● **Task instructions**:
Only some lines are wanted: please transcribe exactly those from the one containing "[CASE] BEAR BRAND" through the end of the data, pictures excluded.
╭─ Input data
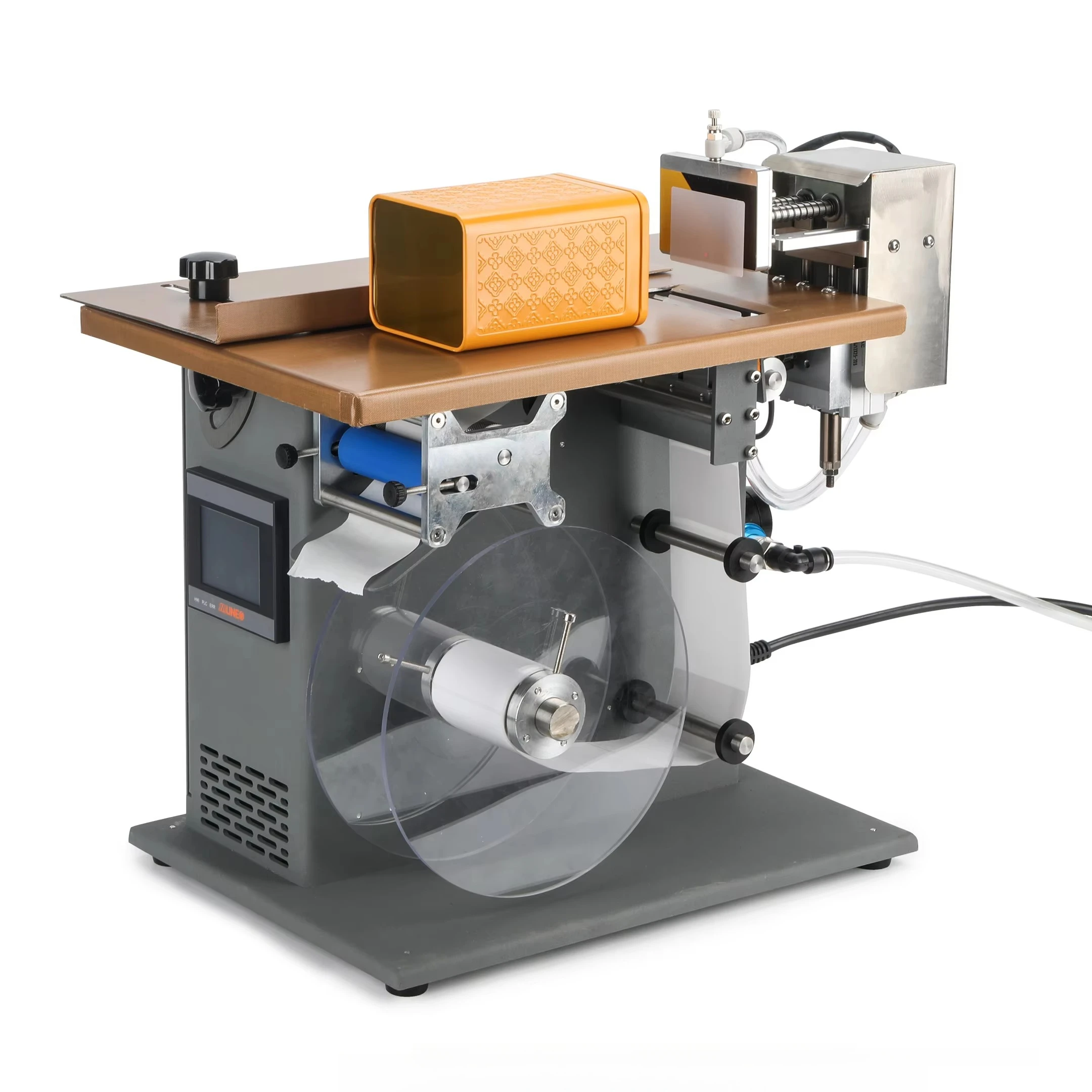 Top Labeling Machine Flat Surface Labeling Machine Flat Surface Doypack Label Applicator For Food Bag Pouch Labeling Machine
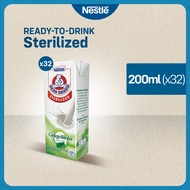[CASE] BEAR BRAND Sterilized UHT Milk with Gingko Biloba 200ml - Pack of 32
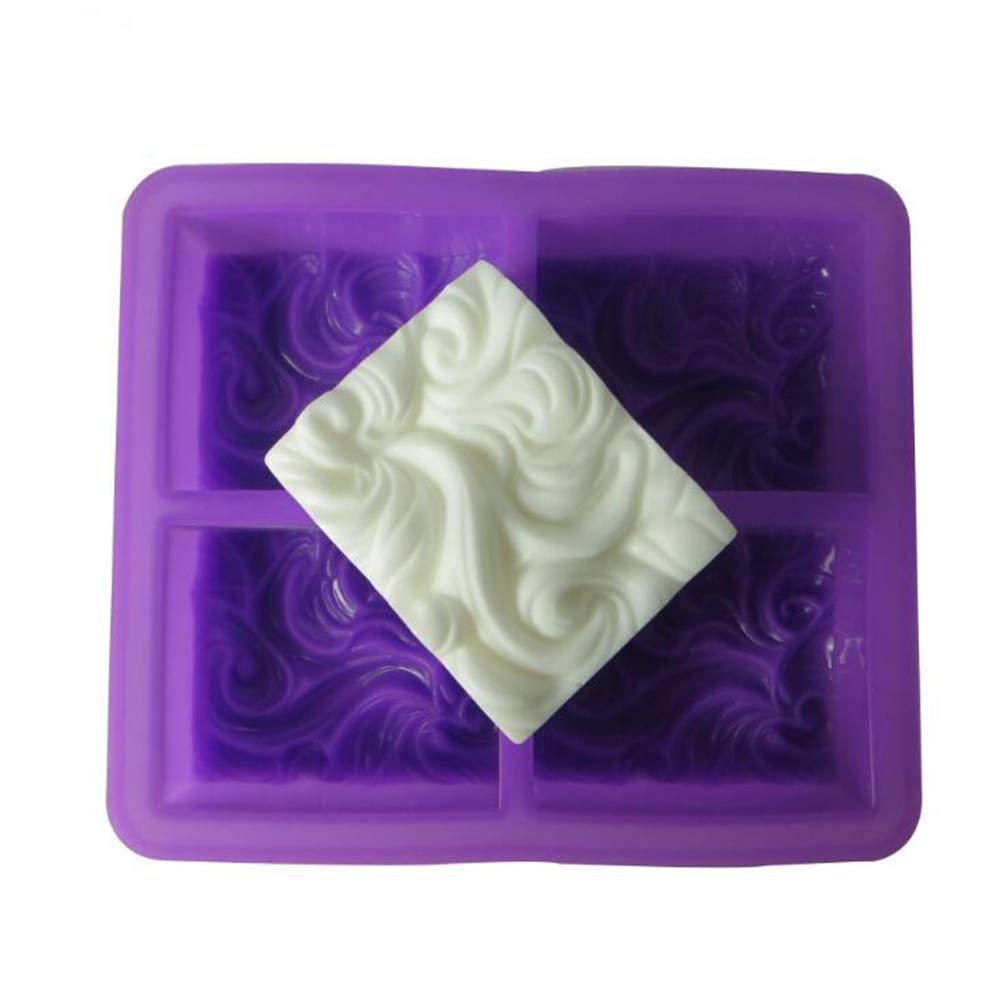 Lot De 2 Moules En Silicone Motif Dauphin Vague De Mer Pour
╰─
● **Exercise answer**:
[CASE] BEAR BRAND Sterilized UHT Milk with Gingko Biloba 200ml - Pack of 32
 Lot De 2 Moules En Silicone Motif Dauphin Vague De Mer Pour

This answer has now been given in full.